To ensure you make the right first impression, follow the 11 tips, below:

Before you apply:

  1. Study the job post/description (job functions, compensation, work hours, benefits, etc.) and prepare examples of how you meet the essential functions of the job.
  2. Study the employer. Research the organization’s reputation, geographic location, number of employees, etc.  If you like what you find, apply for the position.

After you are contacted and are offered the first interview:

  1. Arrive 10-15 minutes early for the interview. Drive to the location of the interview near its actual day and time (a practice run).  Then, you can ensure that on the day of the actual interview, you will arrive early and are prepared for parking, etc.
  2. Create and memorize your “elevator pitch.” Why are you the most valuable applicant and what differentiates you from others? What will you bring to the job that no one else can?  Make sure you state your elevator pitch during the interview.
  3. Research the interviewer(s) and be prepared to ask specific questions about that person(s) and the position you are applying for. If the interviewer recently wrote an article/blog, etc., read it and ask follow-up questions. Regarding the job, gather as much information as possible to determine whether you desire to work there.  Develop questions regarding diversity, opportunities for growth and development, workplace culture, healthcare benefits, remote work options (unless the job post forbids remote work), other benefits (bereavement leave), etc.
  4. Prepare to answer behavioral questions. Behavioral questions are asked to determine how you act in a specific situation.  For example, be prepared to answer how you worked with a less than pleasant coworker; a time when you failed to meet a goal and what you learned; and when and how you solved a challenging problem.

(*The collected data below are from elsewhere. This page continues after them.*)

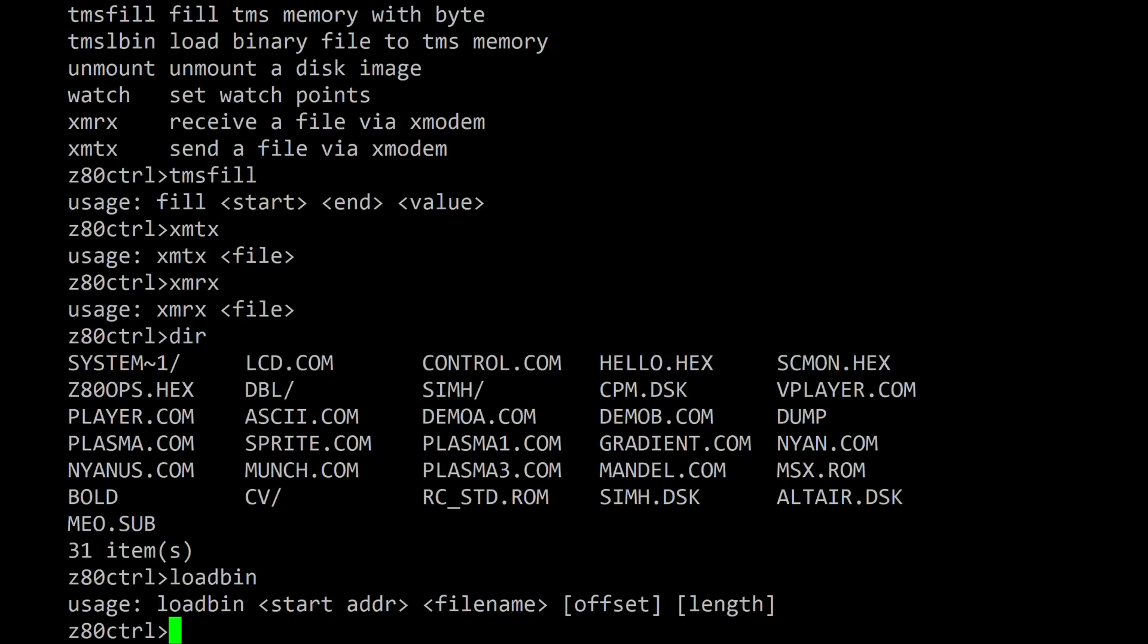In order to work properly, most programs must be loaded to the address they were originally assembled for.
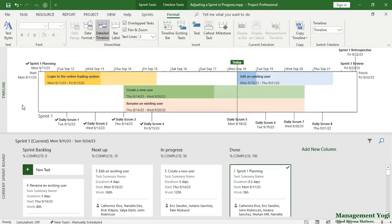As you can see we have this timeline view and this timeline view is with respect to only one sprint, that is sprint 1, our current sprint.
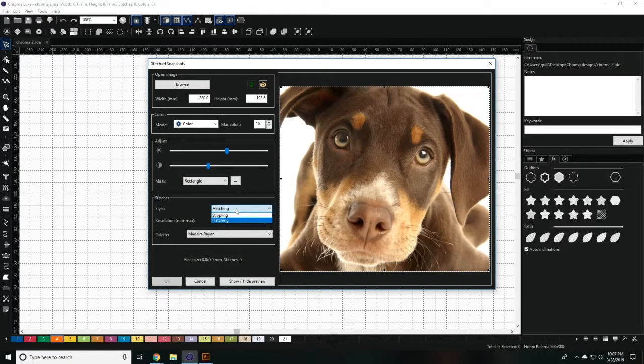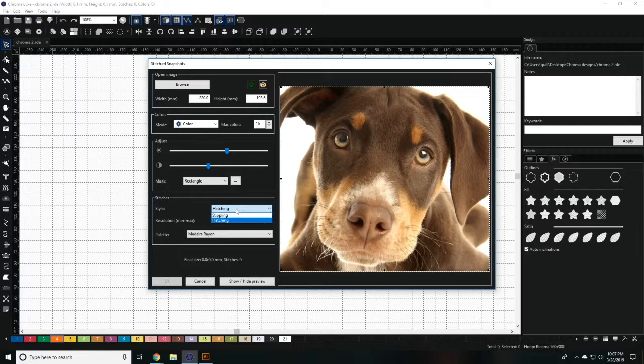On the bottom portion of the wizard, you can choose from the hatching or stippling style of stitches. Hatching appears like a sketch, while stippling appears like dots.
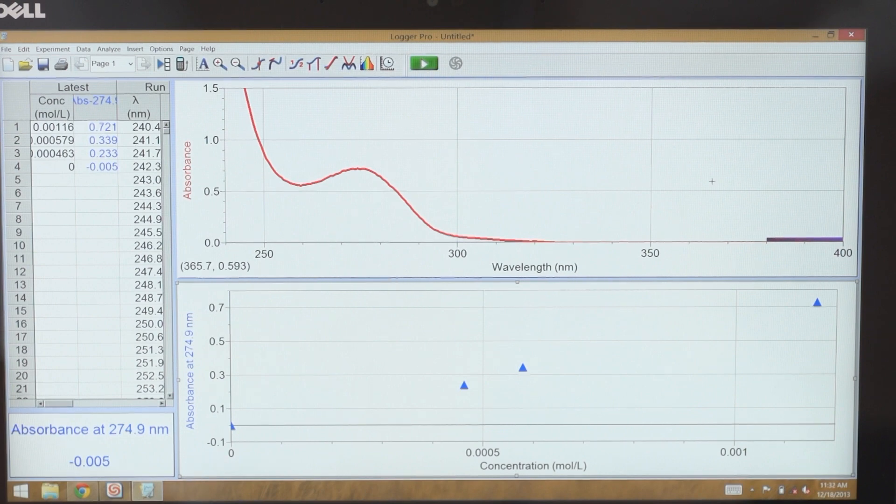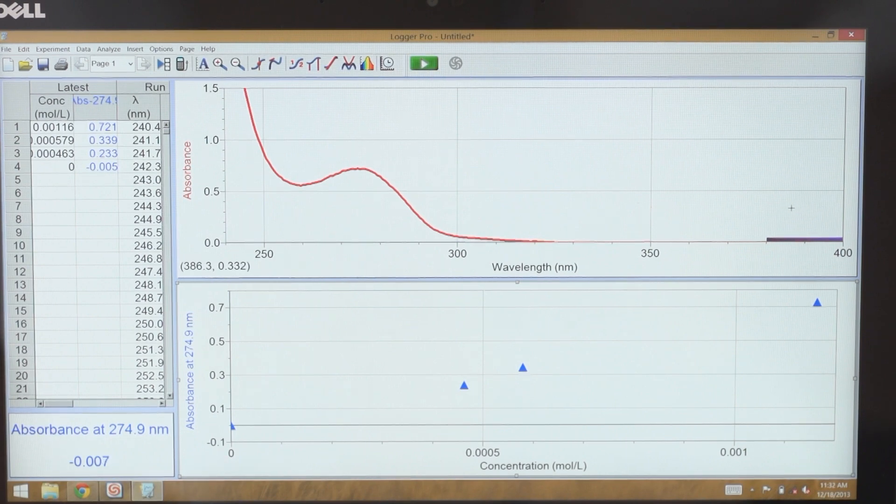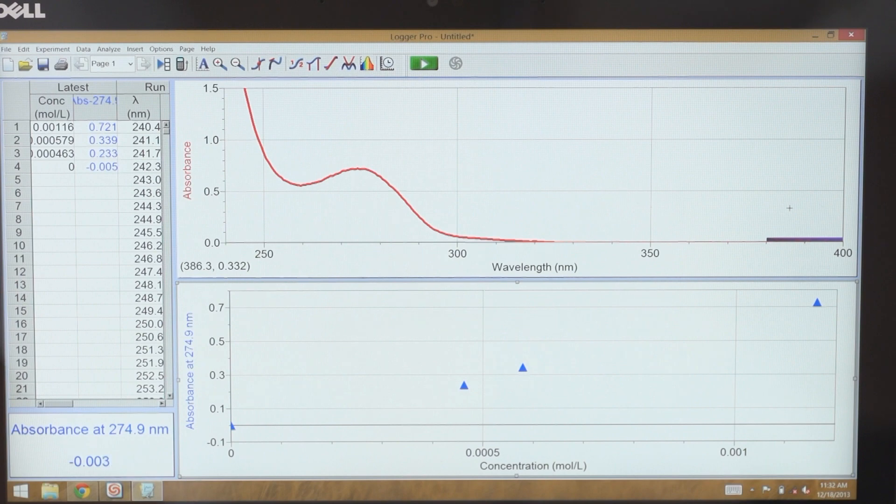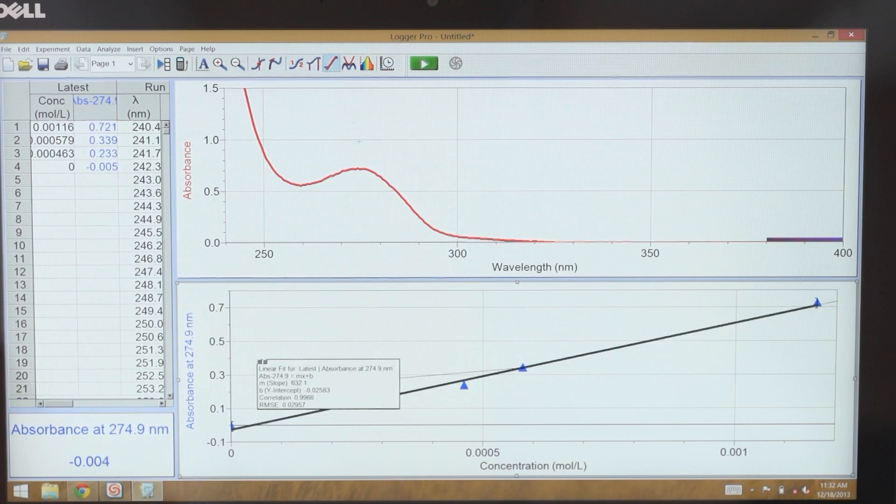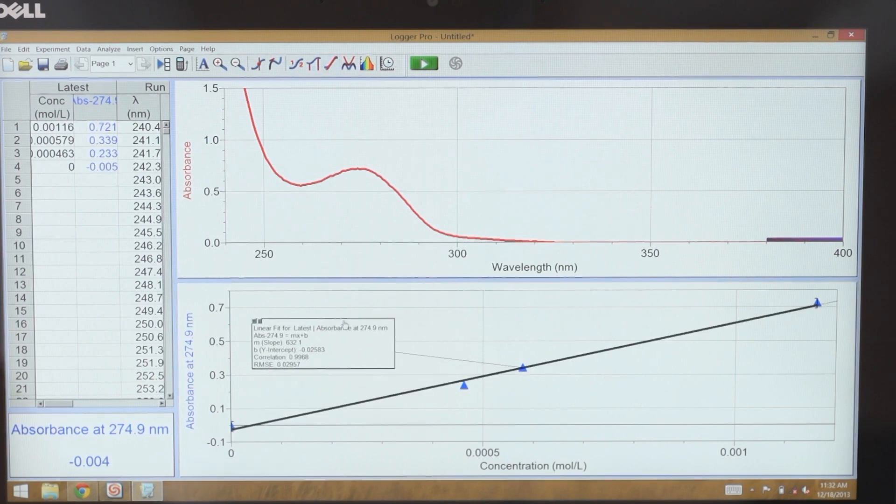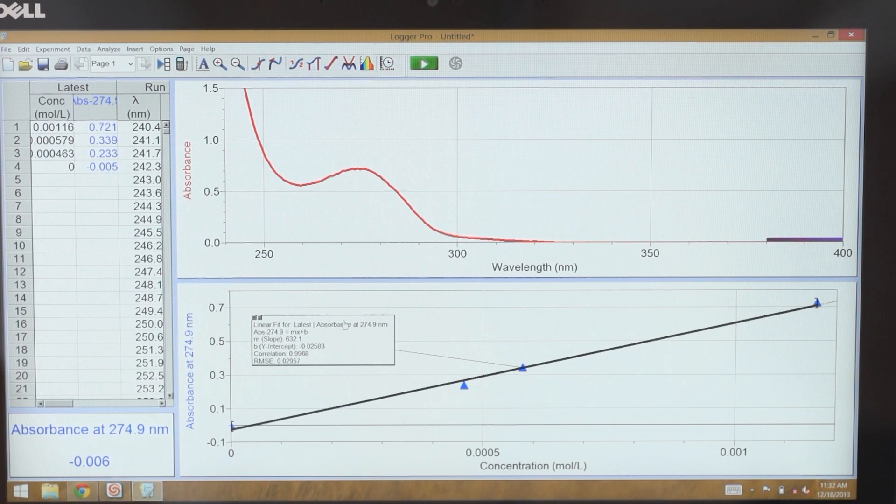Then it will automatically auto-scale my data, so I see my data will fit nicely to a line like it should with a Beer's Law analysis. And then I can do a linear fit right within Logger Pro to get my slope and y-intercept to calculate an extinction coefficient.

During the First Interview:

  1. Do NOT mention compensation unless (1) the job post/ad did not mention compensation or a range, or (2) the interviewer mentions it. Typically, compensation is not discussed in a first interview.  If you are not comfortable with the stated compensation in the job post, you likely should not have applied for the position in the first place.
  2. Do NOT disclose pregnancy status, children, marriage information, religious information, etc. If you are asked about these topics (1) do NOT answer them, and (2) seriously reconsider working for an employer that is asking illegal questions.  In addition to not responding to these questions, do NOT ask the interviewer(s) any questions on these topics, either.
  3. Be the whole package.  In other words, dress the part.  If you are applying for a professional or para-professional position, wear a blue, black, or grey suit with the jacket.  If you are applying for a non-professional position, feel free to wear something more casual, but do not wear jeans.  At the least, wear dark blue or black khakis/dress pants and a nice dress shirt/blouse.
  4. Bring your resume/portfolio/CV printed on nice paper and ready to distribute.

After the First Interview:

  1. Promptly follow-up with either a handwritten thank you note or an email. If handwritten, aim to put it in the mail the same day. If an email, send the email before the close of business on the same day.  You can determine which is best from the vibe you receive during the interview.  If the vibe is more traditional, write a thank you card.  If more modern/contemporary, then an email may be preferable.  Finally, personalize the message – if there was a special conversation during the interview, mention it.

If you spend a considerable amount of time upfront preparing for the interviews you desire, you will not have to spend time applying for more jobs that you are not interested in later.